Fred, in real Fred-Time, really took its maiden voyage this weekend though.

We were in desperate need of a quiet weekend getaway. Things have been pretty hectic the past several weeks. We also had a little repair project that we needed to complete on a historic structure that was vandalized in the recent past. With Shirli’s appointment to get her second bionic knee coming up quick … and with this ideal weather … we made the best of it that we possibly could.

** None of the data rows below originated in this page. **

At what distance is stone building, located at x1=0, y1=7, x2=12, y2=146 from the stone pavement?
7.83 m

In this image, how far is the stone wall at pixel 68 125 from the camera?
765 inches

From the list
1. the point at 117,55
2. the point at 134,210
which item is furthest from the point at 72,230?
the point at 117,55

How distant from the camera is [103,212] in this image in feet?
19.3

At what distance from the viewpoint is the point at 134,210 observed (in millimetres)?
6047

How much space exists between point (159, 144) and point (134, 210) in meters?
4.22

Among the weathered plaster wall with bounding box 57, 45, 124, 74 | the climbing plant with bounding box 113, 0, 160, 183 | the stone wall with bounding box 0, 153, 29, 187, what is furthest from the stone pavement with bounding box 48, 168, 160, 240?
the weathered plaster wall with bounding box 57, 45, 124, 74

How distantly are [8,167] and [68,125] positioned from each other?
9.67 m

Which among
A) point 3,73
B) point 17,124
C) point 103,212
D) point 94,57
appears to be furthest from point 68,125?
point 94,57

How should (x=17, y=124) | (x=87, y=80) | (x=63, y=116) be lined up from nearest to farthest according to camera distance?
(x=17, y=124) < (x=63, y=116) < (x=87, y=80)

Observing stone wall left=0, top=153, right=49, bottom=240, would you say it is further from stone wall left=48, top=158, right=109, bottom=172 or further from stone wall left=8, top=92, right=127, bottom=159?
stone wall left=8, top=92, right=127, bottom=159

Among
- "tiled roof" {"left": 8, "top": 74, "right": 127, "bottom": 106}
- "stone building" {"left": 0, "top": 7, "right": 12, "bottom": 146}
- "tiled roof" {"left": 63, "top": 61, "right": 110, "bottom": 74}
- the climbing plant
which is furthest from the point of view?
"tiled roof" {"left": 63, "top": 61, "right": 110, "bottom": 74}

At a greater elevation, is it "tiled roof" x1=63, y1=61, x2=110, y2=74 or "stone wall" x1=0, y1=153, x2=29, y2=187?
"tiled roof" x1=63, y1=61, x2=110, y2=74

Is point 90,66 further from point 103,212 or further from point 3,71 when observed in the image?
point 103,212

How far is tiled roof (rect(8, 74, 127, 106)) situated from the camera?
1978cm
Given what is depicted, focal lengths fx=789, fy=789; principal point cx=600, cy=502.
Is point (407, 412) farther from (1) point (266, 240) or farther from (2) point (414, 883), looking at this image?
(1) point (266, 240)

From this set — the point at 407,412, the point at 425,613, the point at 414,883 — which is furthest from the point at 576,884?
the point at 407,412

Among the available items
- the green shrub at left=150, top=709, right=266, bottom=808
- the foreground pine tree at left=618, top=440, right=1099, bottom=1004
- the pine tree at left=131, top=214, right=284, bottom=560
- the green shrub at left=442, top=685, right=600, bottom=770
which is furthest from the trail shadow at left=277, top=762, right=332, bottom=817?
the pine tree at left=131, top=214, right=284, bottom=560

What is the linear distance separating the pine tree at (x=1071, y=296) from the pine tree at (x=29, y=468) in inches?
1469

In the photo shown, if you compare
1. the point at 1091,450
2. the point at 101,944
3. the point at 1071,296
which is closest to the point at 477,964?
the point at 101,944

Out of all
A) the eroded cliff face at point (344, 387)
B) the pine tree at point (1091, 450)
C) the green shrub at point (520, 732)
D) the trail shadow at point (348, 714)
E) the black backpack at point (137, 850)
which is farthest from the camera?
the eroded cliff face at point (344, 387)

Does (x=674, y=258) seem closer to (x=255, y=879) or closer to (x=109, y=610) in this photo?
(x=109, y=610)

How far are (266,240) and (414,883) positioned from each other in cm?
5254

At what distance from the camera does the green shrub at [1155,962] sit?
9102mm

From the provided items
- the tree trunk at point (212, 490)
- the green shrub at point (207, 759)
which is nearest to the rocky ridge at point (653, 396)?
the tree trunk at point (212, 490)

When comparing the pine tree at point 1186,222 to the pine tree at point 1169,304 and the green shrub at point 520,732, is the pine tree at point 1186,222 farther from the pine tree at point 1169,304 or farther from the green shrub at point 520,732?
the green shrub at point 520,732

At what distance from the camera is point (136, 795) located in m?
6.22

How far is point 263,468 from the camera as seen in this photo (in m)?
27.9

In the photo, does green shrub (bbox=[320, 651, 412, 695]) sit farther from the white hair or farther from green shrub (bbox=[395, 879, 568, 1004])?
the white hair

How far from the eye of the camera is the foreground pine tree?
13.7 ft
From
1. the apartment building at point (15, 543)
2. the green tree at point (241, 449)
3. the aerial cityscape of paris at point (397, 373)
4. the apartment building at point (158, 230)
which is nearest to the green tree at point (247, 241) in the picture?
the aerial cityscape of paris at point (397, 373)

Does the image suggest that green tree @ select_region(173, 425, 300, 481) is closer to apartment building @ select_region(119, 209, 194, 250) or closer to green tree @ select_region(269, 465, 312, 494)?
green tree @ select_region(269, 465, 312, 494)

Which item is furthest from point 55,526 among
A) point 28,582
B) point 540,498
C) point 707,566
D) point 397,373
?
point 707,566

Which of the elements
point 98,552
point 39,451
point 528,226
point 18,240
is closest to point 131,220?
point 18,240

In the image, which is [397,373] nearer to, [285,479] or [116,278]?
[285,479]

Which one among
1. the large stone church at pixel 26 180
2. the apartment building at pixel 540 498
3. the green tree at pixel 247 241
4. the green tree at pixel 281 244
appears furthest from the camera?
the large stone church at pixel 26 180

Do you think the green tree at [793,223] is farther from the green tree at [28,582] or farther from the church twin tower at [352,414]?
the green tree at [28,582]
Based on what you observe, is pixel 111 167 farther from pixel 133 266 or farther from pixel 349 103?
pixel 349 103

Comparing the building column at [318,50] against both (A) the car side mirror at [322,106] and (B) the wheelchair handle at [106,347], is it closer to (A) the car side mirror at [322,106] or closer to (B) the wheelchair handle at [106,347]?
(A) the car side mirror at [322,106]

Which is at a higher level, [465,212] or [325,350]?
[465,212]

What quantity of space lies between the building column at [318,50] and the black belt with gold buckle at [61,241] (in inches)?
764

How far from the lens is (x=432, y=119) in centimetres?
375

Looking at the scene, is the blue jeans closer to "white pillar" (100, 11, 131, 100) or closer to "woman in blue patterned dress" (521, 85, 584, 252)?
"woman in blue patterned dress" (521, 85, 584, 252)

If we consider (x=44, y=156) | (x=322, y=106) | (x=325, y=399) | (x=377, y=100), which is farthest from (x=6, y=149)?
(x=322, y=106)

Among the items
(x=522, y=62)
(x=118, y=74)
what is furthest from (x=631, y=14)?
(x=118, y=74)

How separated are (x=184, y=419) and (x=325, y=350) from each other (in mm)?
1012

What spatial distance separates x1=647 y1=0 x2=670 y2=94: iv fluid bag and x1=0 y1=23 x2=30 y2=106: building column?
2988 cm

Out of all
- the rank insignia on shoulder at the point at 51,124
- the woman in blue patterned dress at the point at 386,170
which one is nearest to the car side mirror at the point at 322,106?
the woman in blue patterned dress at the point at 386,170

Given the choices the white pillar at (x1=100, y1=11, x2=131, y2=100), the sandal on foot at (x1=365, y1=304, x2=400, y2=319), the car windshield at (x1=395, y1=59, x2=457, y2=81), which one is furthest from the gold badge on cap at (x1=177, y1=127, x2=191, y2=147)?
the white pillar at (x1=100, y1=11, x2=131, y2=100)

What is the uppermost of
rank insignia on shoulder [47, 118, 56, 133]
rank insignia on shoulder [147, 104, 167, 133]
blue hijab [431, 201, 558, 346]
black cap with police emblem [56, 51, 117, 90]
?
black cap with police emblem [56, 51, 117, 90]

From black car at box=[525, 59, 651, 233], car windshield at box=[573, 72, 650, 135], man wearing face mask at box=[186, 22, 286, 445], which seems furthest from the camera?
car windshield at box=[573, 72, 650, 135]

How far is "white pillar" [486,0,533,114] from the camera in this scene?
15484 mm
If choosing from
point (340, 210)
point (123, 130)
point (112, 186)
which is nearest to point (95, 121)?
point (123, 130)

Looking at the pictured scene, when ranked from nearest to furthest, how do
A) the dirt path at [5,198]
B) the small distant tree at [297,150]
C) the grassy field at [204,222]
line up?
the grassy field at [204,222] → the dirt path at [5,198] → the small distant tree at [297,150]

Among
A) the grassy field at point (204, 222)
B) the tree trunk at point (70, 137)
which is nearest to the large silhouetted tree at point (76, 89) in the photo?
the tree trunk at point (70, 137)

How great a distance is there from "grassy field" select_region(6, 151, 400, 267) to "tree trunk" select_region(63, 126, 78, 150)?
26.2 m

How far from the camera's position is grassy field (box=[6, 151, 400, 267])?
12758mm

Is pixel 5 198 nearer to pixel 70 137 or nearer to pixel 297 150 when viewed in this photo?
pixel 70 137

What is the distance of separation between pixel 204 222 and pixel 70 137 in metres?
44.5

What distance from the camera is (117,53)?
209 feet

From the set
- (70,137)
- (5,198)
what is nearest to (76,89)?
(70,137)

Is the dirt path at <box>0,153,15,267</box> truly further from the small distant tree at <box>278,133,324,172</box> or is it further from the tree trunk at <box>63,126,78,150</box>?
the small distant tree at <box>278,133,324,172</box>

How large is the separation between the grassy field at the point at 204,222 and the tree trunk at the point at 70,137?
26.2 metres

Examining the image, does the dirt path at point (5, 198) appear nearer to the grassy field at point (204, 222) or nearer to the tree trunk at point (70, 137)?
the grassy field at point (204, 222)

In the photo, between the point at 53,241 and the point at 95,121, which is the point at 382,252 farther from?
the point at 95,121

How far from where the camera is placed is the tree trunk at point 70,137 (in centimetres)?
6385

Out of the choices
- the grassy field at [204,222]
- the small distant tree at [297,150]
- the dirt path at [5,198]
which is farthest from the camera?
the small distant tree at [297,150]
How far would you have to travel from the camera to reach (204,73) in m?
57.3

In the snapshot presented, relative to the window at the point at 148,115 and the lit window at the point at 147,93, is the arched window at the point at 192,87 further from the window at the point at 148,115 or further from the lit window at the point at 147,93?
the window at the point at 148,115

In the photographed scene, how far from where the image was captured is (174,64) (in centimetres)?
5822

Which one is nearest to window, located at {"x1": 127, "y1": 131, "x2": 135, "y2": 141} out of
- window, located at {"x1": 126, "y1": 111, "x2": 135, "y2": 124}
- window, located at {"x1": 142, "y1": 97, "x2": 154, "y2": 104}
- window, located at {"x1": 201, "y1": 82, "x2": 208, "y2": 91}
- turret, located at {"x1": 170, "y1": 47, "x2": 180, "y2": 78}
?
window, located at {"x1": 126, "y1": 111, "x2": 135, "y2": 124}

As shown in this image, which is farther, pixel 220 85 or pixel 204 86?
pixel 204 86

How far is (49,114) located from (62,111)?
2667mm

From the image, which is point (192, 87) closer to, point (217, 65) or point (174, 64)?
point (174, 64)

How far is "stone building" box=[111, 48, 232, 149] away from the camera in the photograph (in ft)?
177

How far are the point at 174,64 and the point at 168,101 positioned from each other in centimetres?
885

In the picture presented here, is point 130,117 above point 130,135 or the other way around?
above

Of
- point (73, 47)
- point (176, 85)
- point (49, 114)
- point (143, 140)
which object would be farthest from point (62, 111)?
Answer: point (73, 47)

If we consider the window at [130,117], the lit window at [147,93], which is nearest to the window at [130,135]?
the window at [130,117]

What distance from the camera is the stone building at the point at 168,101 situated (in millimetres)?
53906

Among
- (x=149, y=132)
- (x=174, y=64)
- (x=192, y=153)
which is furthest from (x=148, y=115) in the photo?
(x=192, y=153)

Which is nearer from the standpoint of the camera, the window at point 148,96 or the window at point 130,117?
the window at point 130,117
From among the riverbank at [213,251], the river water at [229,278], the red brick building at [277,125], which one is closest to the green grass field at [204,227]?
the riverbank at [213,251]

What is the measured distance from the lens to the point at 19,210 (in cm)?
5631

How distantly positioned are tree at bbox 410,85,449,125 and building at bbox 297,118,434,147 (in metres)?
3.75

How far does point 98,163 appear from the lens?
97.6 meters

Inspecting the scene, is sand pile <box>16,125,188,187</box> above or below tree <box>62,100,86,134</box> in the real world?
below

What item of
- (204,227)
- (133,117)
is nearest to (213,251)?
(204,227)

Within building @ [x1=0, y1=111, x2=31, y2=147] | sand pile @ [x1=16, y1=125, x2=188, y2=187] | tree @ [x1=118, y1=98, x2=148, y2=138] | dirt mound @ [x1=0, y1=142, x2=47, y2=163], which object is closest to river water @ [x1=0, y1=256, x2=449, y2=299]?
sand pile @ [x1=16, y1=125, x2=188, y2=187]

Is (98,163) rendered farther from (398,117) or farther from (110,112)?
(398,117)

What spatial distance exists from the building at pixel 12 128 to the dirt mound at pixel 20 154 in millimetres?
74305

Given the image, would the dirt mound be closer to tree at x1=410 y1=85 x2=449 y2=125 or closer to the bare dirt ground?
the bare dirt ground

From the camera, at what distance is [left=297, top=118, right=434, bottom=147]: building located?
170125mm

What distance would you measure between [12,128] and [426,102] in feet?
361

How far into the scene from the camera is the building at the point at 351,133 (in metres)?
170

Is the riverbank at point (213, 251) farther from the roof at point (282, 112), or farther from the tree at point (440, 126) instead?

One of the major touches that needed to be added to Fred was the in-house power supply. We bought the 100 watt Renogy package last summer. It came with the 100 watt panel, charge controller, and the necessary cables to hook it up. Thinking about the small amount of power that we need, we settled on a 400-watt inverter to convert DC to AC, ordered a Wagan Pure Sine Wave Inverter, and it arrived Tuesday. A 122-amp hour deep cycle battery came from the automotive department at our neighborhood Walmart.

Sure.

There’s a lot of “discussion” about batteries and some batteries are “better” than others. You pay a lot more for the better ones for this purpose and even more for the best ones. If we get a couple years out of this battery, I figure it will have been well worth the price we paid. I feel reasonably certain that it will last at least that long. I had really good service from one with less amp-hour capacity that I used with my electric trolling motor. I bought that battery in ’07 and it still holds a charge.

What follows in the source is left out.